For political junkies who have not yet overdosed on the 2016 elections, there’s a fun little nonpartisan exhibit on display at the Hennepin History Museum in Minneapolis.
The exhibit, “Behind the Ballot Box,” hearkens back to simpler, if no less intense, political times.
There’s a big old clothes trunk that Farmer-Laborite Floyd B. Olson used to haul around when he toured the state as governor in the 1930s.
“He gave the trunk to the fellow who maintained his car, who gave it to his niece, who gave it to the museum,” said Jack Kabrud, the museum curator.
And you can see a copy of a menu for a banquet at the Minneapolis Auditorium in 1909 where the guest speaker was President William Howard Taft and the entree was “Poulet à la Minnesota,” also known as chicken.
Check out Mahala Pillsbury’s gown from the 1876 gubernatorial inauguration of her husband, John Sargent Pillsbury, who co-founded the Pillsbury Co. The gown is the first thing you see when you walk into the exhibit room. She was an active philanthropist involved in social services to benefit destitute women and children, said Kabrud.
Opposite the gown is a lawn sign for Sharon Sayles Belton, Minneapolis’ first and so far only black mayor.
“So often in political exhibits, you always see white men,” said museum director Cedar Imboden Phillips, so the museum tried to even things up a little.
Still, there are plenty of white men in the exhibit, with big photos of four Minneapolis mayors: Hubert Humphrey, who later became vice president of the United States; Dorilus Morrison, the city’s first mayor; James Gray, a former reporter and editor; and A.A. (Doc) Ames, a physician and soldier who served four terms as mayor.
The display notes Ames was the subject of an article in McClure’s magazine by famed muckraking journalist Lincoln Steffens. The article, “The Shame of Minneapolis,” described Ames’ graft-ridden administration in which police and politicians were routinely on the take.
But the display is nonpartisan.
There’s a full-page newspaper-sized ad for Albert Bastis, a socialist member of the 1912 Minneapolis City Council, who ran unsuccessfully for sheriff in 1942. Elsewhere, a copy of the 1969 Roosevelt High School yearbook is open to the page with the senior picture of James Janos, better known as wrestler Jesse Ventura, the Independence Party governor elected in 1998.
And there is a 1993 gay magazine, Gaze, promoting Brian Coyle for Minneapolis City Council, the city’s first openly gay council member.
Besides a batch of “Humphrey for President” buttons — he lost to Richard Nixon in 1968 — there’s a speech by attorney George MacKinnon, delivered in 1958 on WCCO-TV, when he ran unsuccessfully for governor on the Republican ticket.
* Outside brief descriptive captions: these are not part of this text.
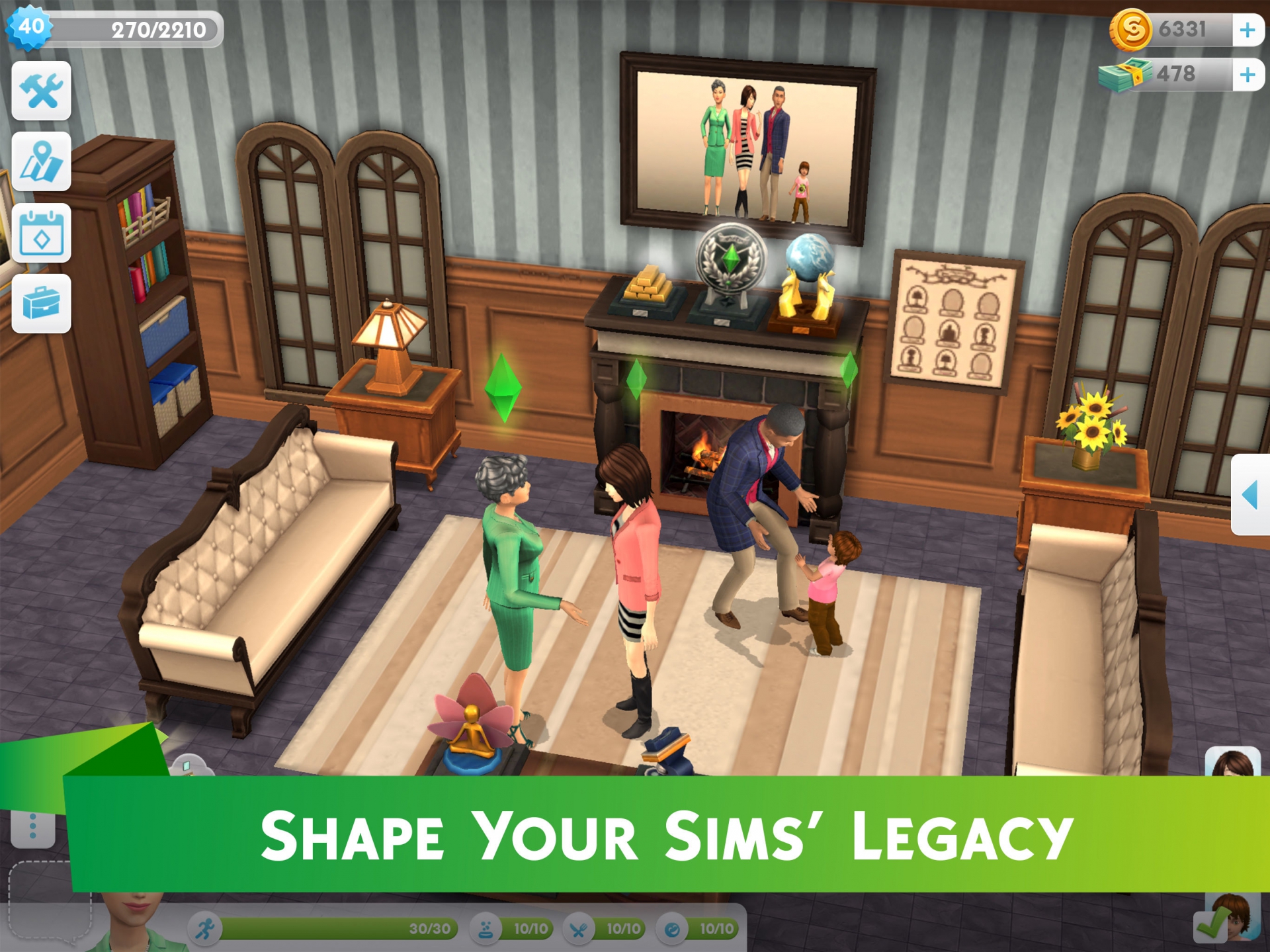 The Sims Mobile — гайды, новости, статьи, обзоры, трейлеры, секреты The Sims  Mobile | VK Play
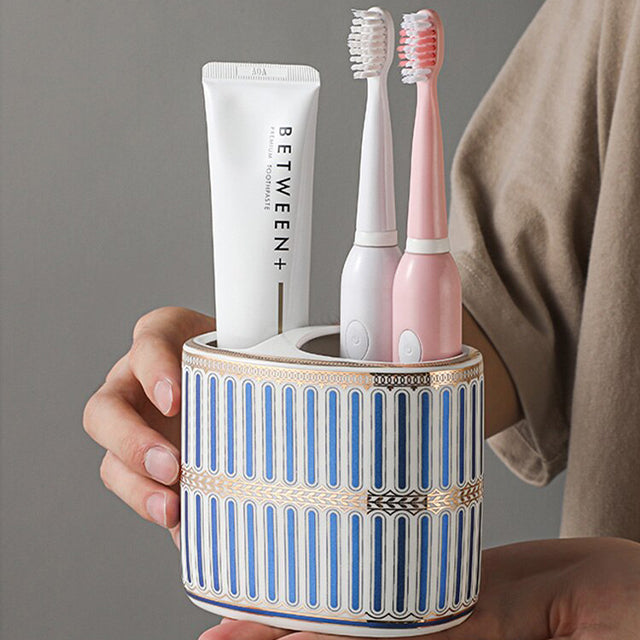 Maliben | Luxurious Art Deco Bathroom Accessory Holder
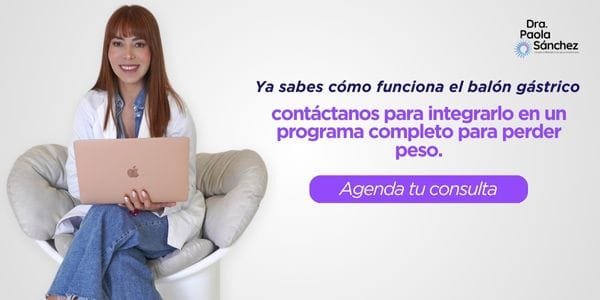 Cómo funciona el balón gástrico - Dra. Paola Sánchez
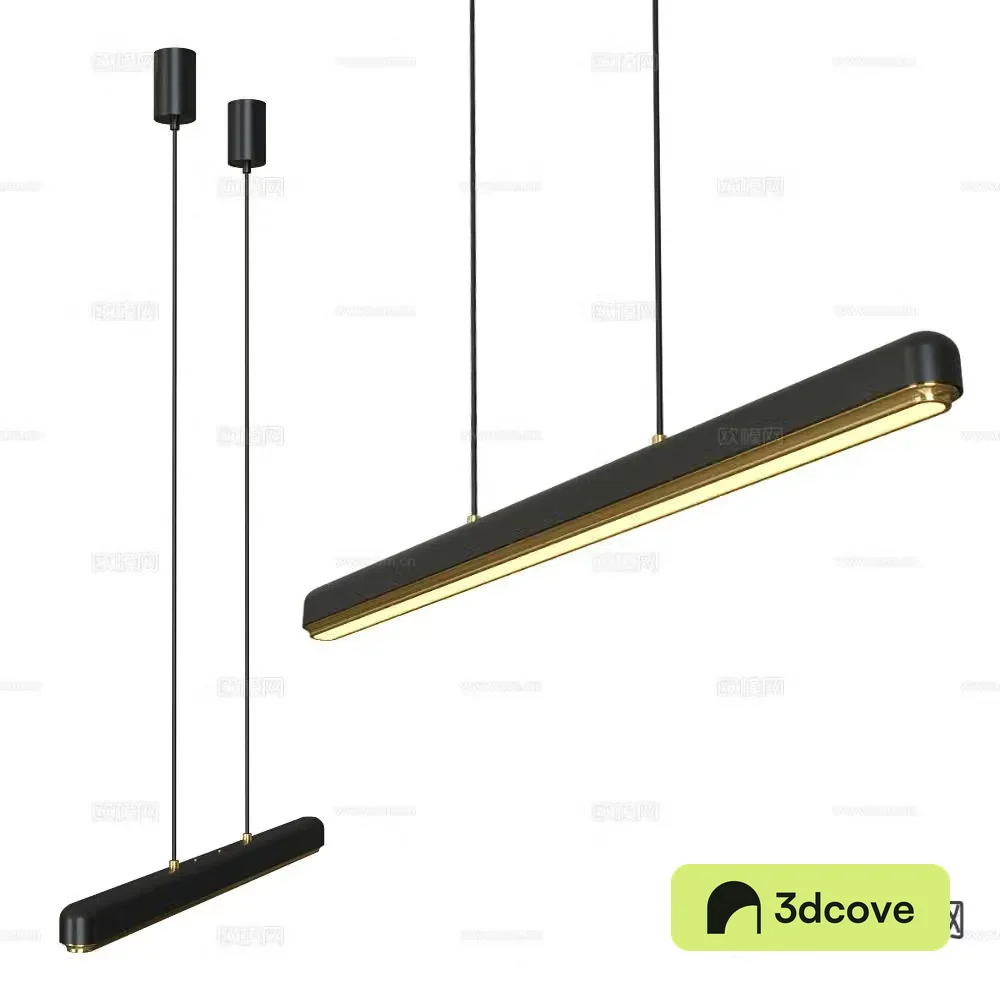 UMAGE long chandelier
In the speech, MacKinnon blasts the “venal acts” of labor leaders, although he adds that “most labor unions are fundamentally a force for good.”
The speech sits next to a small 1950s television set that looks oddly ancient and attracts the attention of younger visitors.
“Sometimes kids will come here and ask, ‘What’s this?’ ” said Kabrud.
The museum gallery is located at 2303 3rd Av. S. and is open from 10 a.m. to 2 p.m. on Tuesday, 1 to 5 p.m. on Wednesday, 1 to 8 p.m. on Thursday and 1 to 5 p.m. on Friday, Saturday and Sunday. Adult admission is $5, senior and student admission is $3, and children 6 and under are free.
The political exhibit will be on display through Feb. 5.